[Requirement]:
Every line below is to be given again precisely; images are to be left out.

Segment Start: Recorded information

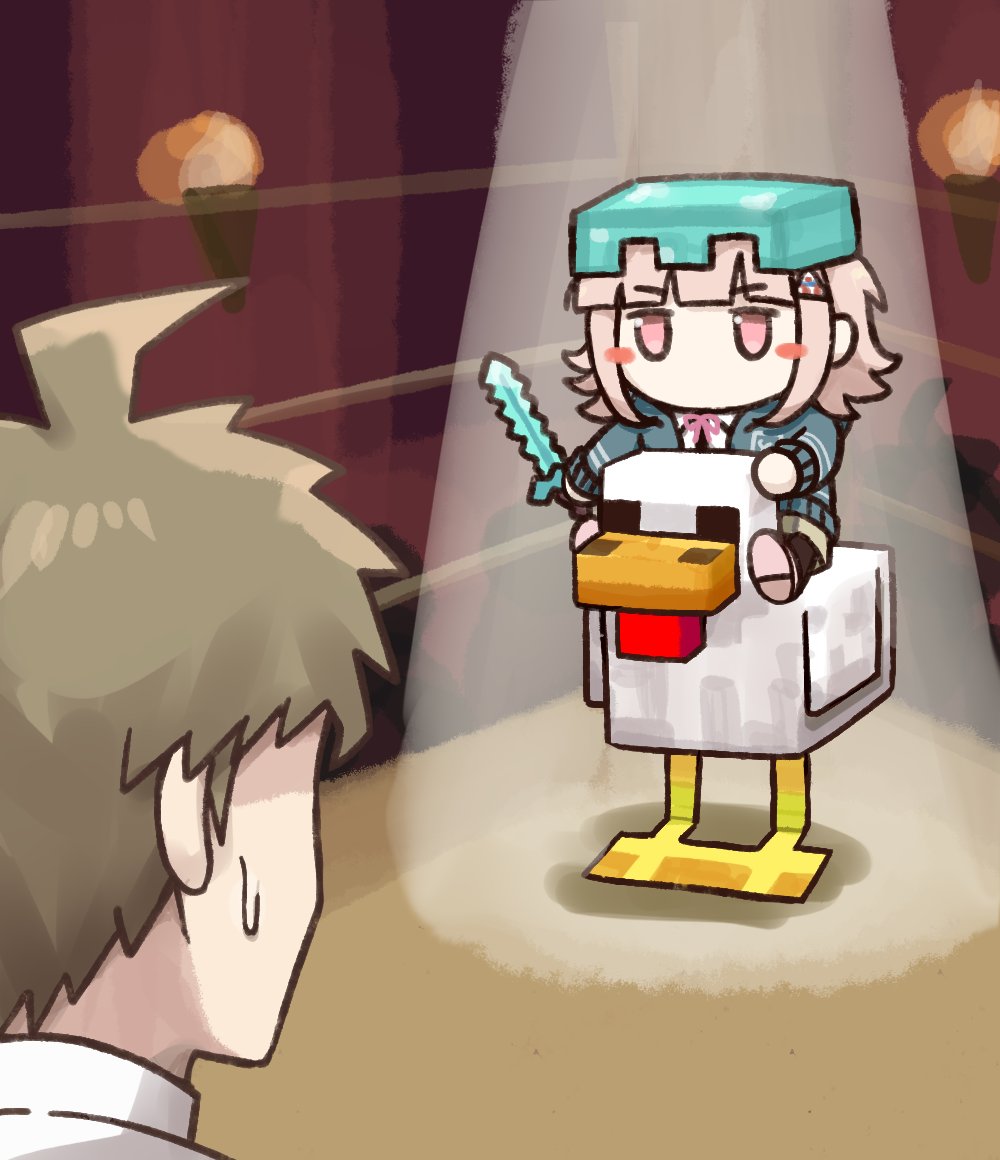 1boy 1girl a_minecraft_movie ahoge animal bird black_shirt brown_hair brown_skirt chibi chicken_(minecraft) chicken_jockey collared_shirt danganronpa_(series) danganronpa_2:_goodbye_despair duck flipped_hair helmet hinata_hajime holding holding_sword holding_weapon kmnm_1403 long_sleeves medium_hair minecraft miniskirt nanami_chiaki pink_shirt pleated_skirt riding riding_animal shirt short_hair skirt sword two-tone_shirt weapon white_shirt
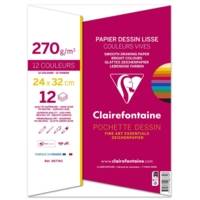 Pochette 12 Feuilles Dessin couleurs lisses 24x32 12F 270g Assorti Couleur vive - CLAIREFONTAINE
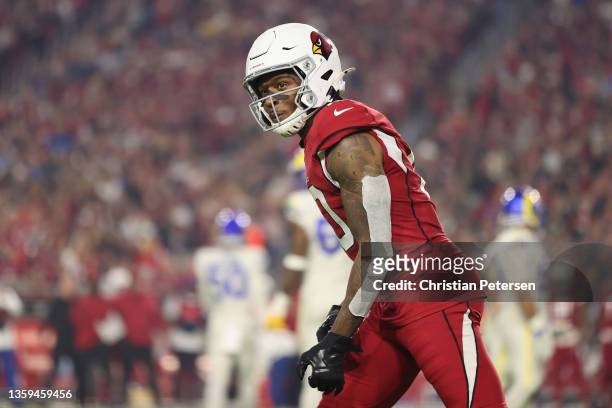Wide receiver DeAndre Hopkins of the Arizona Cardinals lines up during the NFL game against the Los Angeles Rams at State Farm Stadium on December...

Segment End: Recorded information

[Solution to this exercise]:
 1boy 1girl a_minecraft_movie ahoge animal bird black_shirt brown_hair brown_skirt chibi chicken_(minecraft) chicken_jockey collared_shirt danganronpa_(series) danganronpa_2:_goodbye_despair duck flipped_hair helmet hinata_hajime holding holding_sword holding_weapon kmnm_1403 long_sleeves medium_hair minecraft miniskirt nanami_chiaki pink_shirt pleated_skirt riding riding_animal shirt short_hair skirt sword two-tone_shirt weapon white_shirt
 Pochette 12 Feuilles Dessin couleurs lisses 24x32 12F 270g Assorti Couleur vive - CLAIREFONTAINE
Wide receiver DeAndre Hopkins of the Arizona Cardinals lines up during the NFL game against the Los Angeles Rams at State Farm Stadium on December...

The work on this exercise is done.